The digital exposure on mass to many different people in a day is exhausting anyway, having to annunciate and put effort in not only what you say but how you say it is doubling exhausting because of the lack of interpersonal delivery. I was told recently I should consider my audience and caveat my speech with a warning – not quite “may need subtitles” but not far off – as a way of making everyone else comfortable and prepared – I was stunned into silence – rare - but it does happen – this prompted me to take a breath and consider my response – the internalised stigma that I have been battling with for 28 years hit and I responded – do you know why I do what I do?

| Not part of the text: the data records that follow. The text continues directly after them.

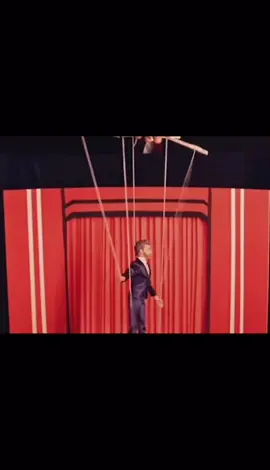 But don't be scared, we also have other billionaires who wants to rule the US. #jdvance #oligarchy #uspolitics #peterthiel #politics 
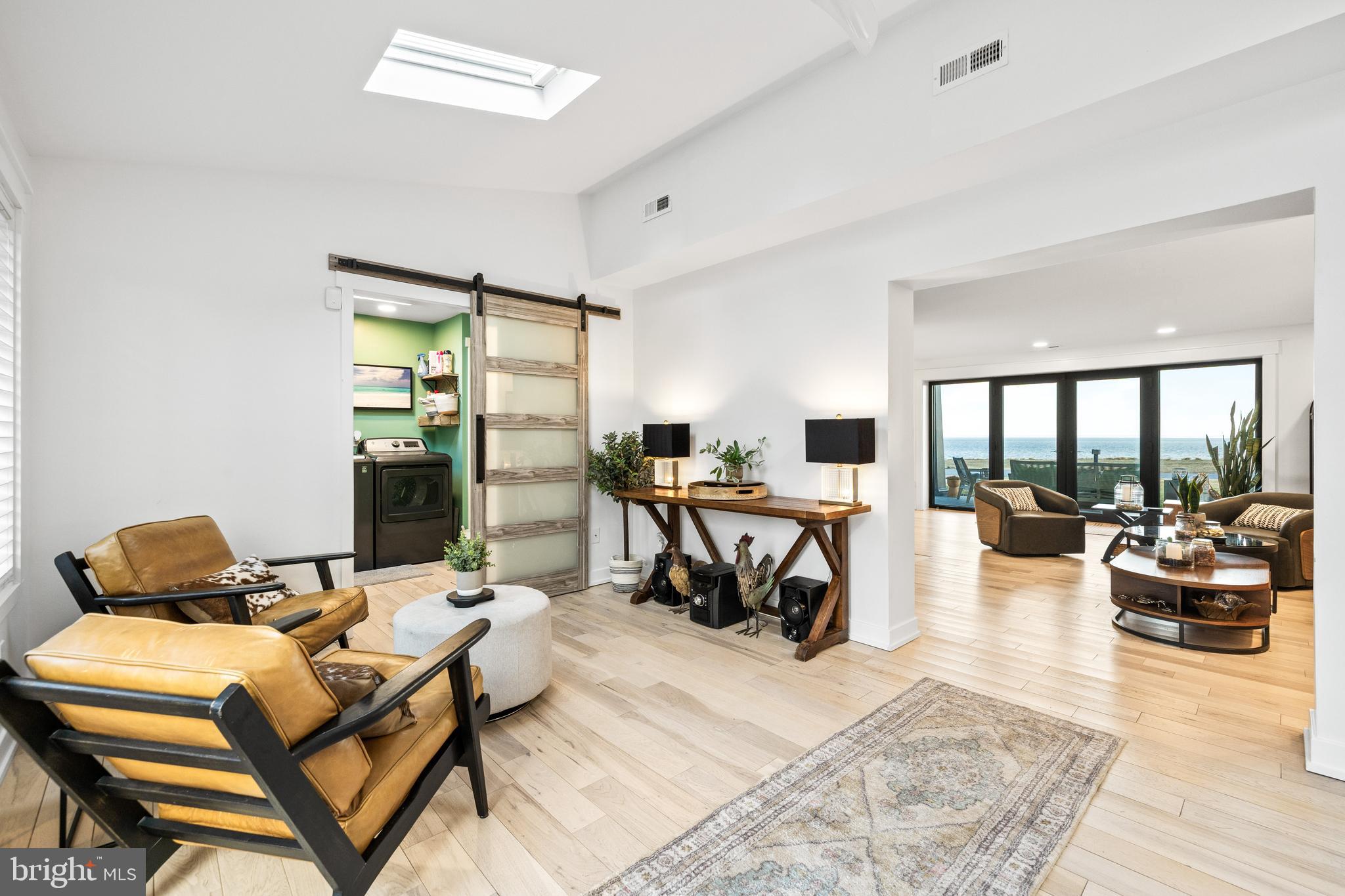 BAY RIDGE WATER VIEWS | 113 BAY DRIVE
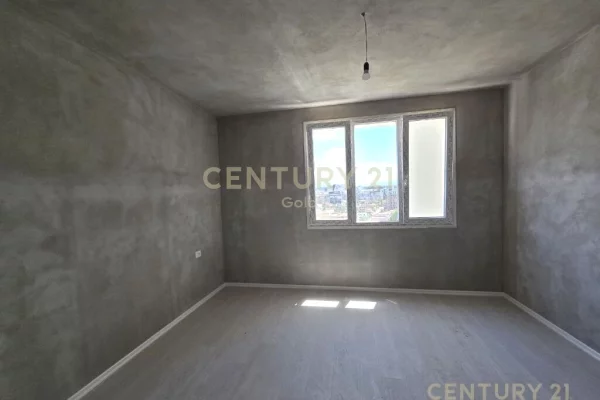 Apartment for sale in Tirana 3+1, Emty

The leg work for someone with a speech impairment – the unseen internal torture – the daily crisis in confidence – the hidden pain and anguish that go alongside a confident exterior - with the assumptions made left, right and centre – that are, more often than not, met with education not anger or upset – to be told that I should consider others in the way that I get through a video call with 40 people you don’t know – is it my responsibility to comfort those who are uneasy with my speech or is it my job to continue speaking to do my part to normalise speech impairment - without apology or a comedic caveat? It is in fact ultimately my choice – a choice that I put more thought into than this person cared to comprehend. A choice that impacts me – a choice that regularly plagues my mind.
Exposure is key – the more exposure – the more accustomed we become – unfortunately, so many people with speech impairment are silenced by the assumptions, the stigma and the fragility of confidence we often face. Silenced by the twisted notion to ensure others are comforted before we begin to embark on what we are there for - related or not. This is the double-edged sword in the matter. Not forgetting the huge bias experienced momentarily within every interaction a person with a speech impairment encounters, the instantaneous question of intellectual ability which goes hand in hand with the fear of not being understood. These are thoughts I frequently grapple with.
I fight the fight because it is important to level the playing field – we have so much more to do.